Expected behavior Ideally, we could find a solution to do the image and stat counting in a more efficient way so the large number of images would not cause problems anymore. If that's not possible, we could at least add a filter to allow for limiting the number of images that are counted (we have this for the Media Library page, but not for the Bulk Page).

Additional context We are able to use the following filter to fix these issues in the Media Library and allow the page to load:

function pfx_limit_imagify_optimize_count( $count ) {
        return 1;
}
add_filter( 'imagify_count_optimized_attachments', 'pfx_limit_imagify_optimize_count' );
add_filter( 'imagify_count_attachments', 'pfx_limit_imagify_optimize_count' );
add_filter( 'imagify_count_unoptimized_attachments', 'pfx_limit_imagify_optimize_count' );
add_filter( 'imagify_count_saving_data', 'pfx_limit_imagify_optimize_count' );
add_filter( 'imagify_count_error_attachments', 'pfx_limit_imagify_optimize_count' );

But that's is not entirely optimal, as it causes the filter dropdown to be inaccurate:

image

And it also doesn't work for the Bulk page, so for that I tried using the following:

function pfx_imagify_bulk_stats_remove_all_data() {
	$data = array(
		// Global chart.
		'total_attachments'             => 0,
		'unoptimized_attachments'       => 0,
		'optimized_attachments'         => 0,
		'errors_attachments'            => 0,
		// Stats block.
		'already_optimized_attachments' => 0,
		'original_human'                => 0,
		'optimized_human'               => 0,
	);
        return $data;
}
add_filter( 'imagify_bulk_stats', 'pfx_imagify_bulk_stats_remove_all_data', 10, 2 );

While that did limit the display of the stats to all zeros, it did not allow the user's Bulk page to load, and I think the reason is that even with the above filter applied, the imagify_get_bulk_stats function is still being run in /wp-content/plugins/imagify/inc/functions/admin-stats.php so the stats are still being counted (though not displayed) for the very large number of images (and causing the issue for the user still).

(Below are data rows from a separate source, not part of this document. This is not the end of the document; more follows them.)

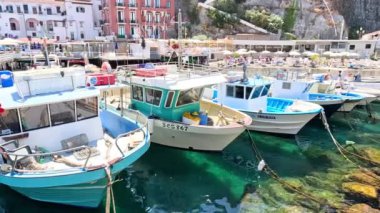 Sorrento Limanı 'na renkli tekneler yanaştı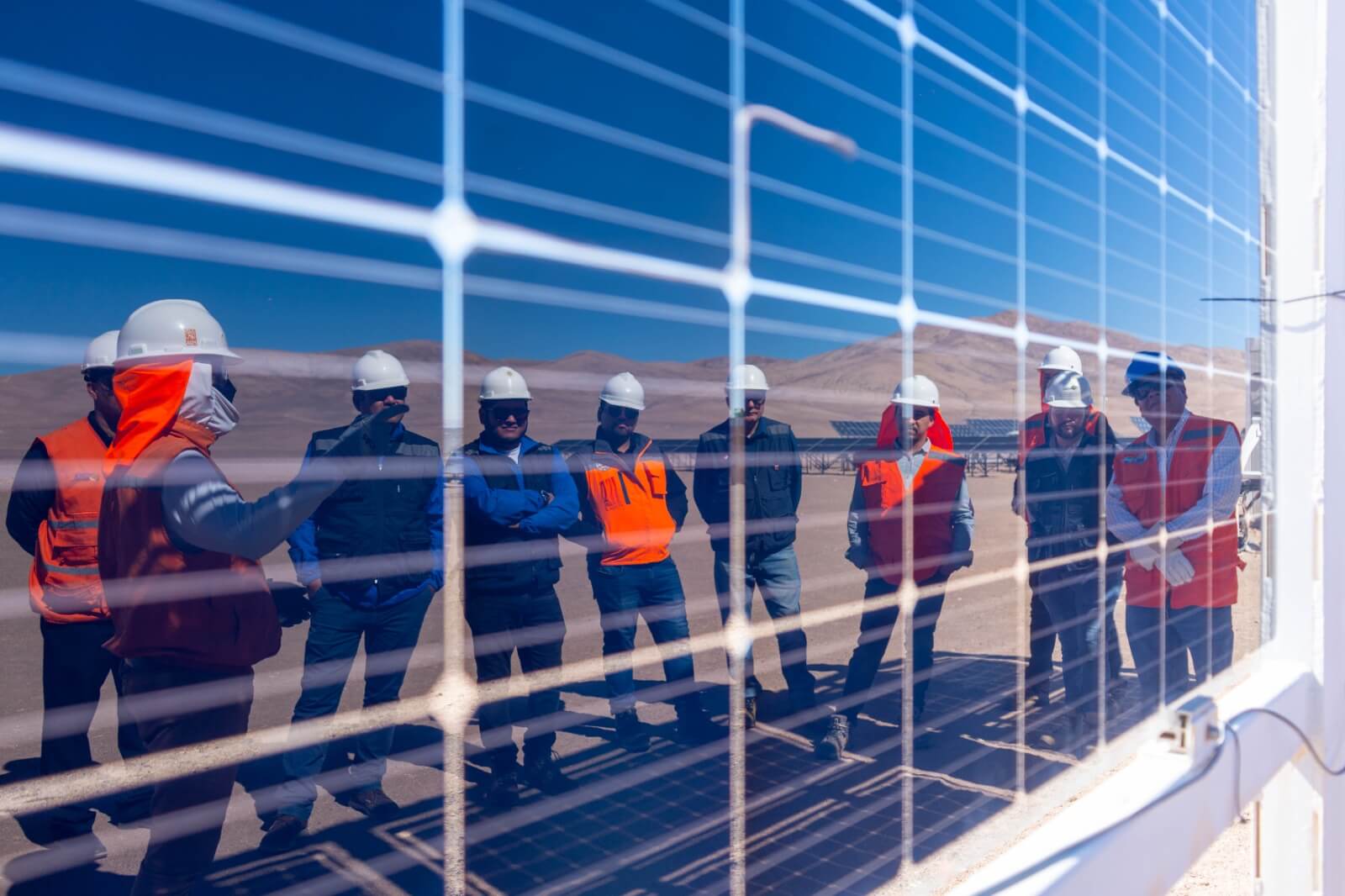 CDEA-UA capacitó a docentes de liceos técnicos profesionales de distintas comunas en pasantía de energías renovables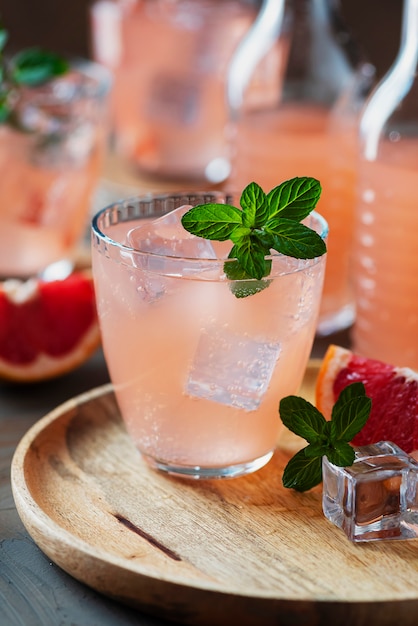 Cocktail with grapefruit and mint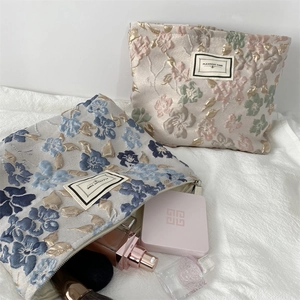 Trousse à maquillage en jacquard à fleurs avec relief et fermeture zippée élégante
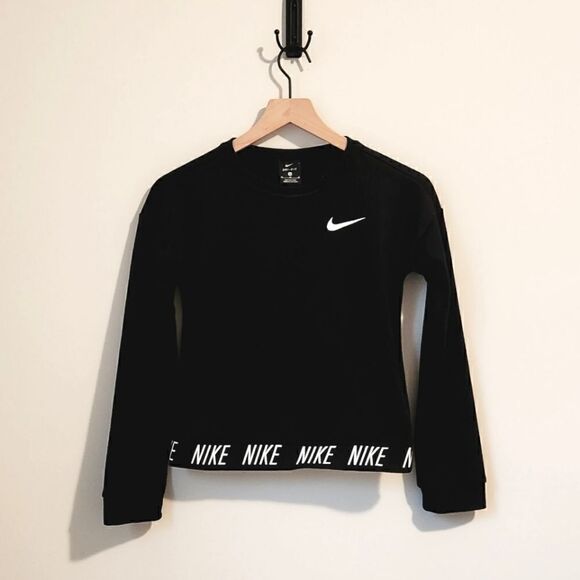 Nike Girls Black Crewneck Sweatshirt Size Medium - Picture 1 of 6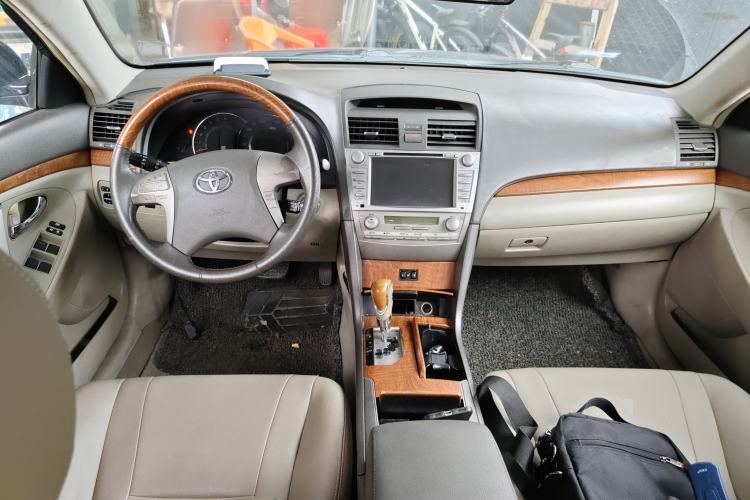 Used Toyota Camry 2010 240G Luxury Edition Center Console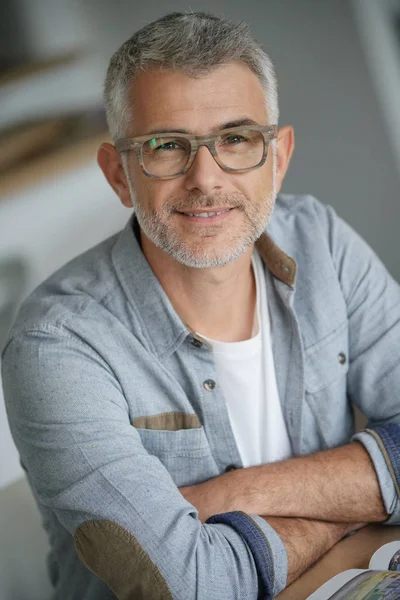 Chico Mediana Edad Con Gafas Moda — Foto de Stock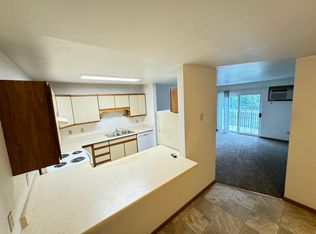 713 Clinton St #208, Horicon, WI 53032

Backlog Grooming (for WP Media dev team use only)

  • [ ] Reproduce the problem
  • [ ] Identify the root cause
  • [ ] Scope a solution
  • [ ] Estimate the effort

joejoe04 avatar Nov 05 '21 15:11 joejoe04

https://wordpress.org/support/topic/slow-media-library-search-pt-2/ https://wordpress.org/support/topic/media-library-search-of-images-slower/

There are many tickets in HelpScout but not tagged properly in the past, example: https://secure.helpscout.net/conversation/2690600261/509386/

General issue behaviour: Error 524, Error 500 on bulk optimization page or Media library. Issue resolves when Imagify is deactivated or above custom code is added(only for some cases)

This, along with https://github.com/wp-media/imagify-plugin/issues/865 should be prioritized considering the number of tickets. @piotrbak

saranshj4 avatar Sep 02 '24 06:09 saranshj4

A mitigation has been released with 2.2.3.2. Further optimization is possible as stated here by doing the SQL request only when needed.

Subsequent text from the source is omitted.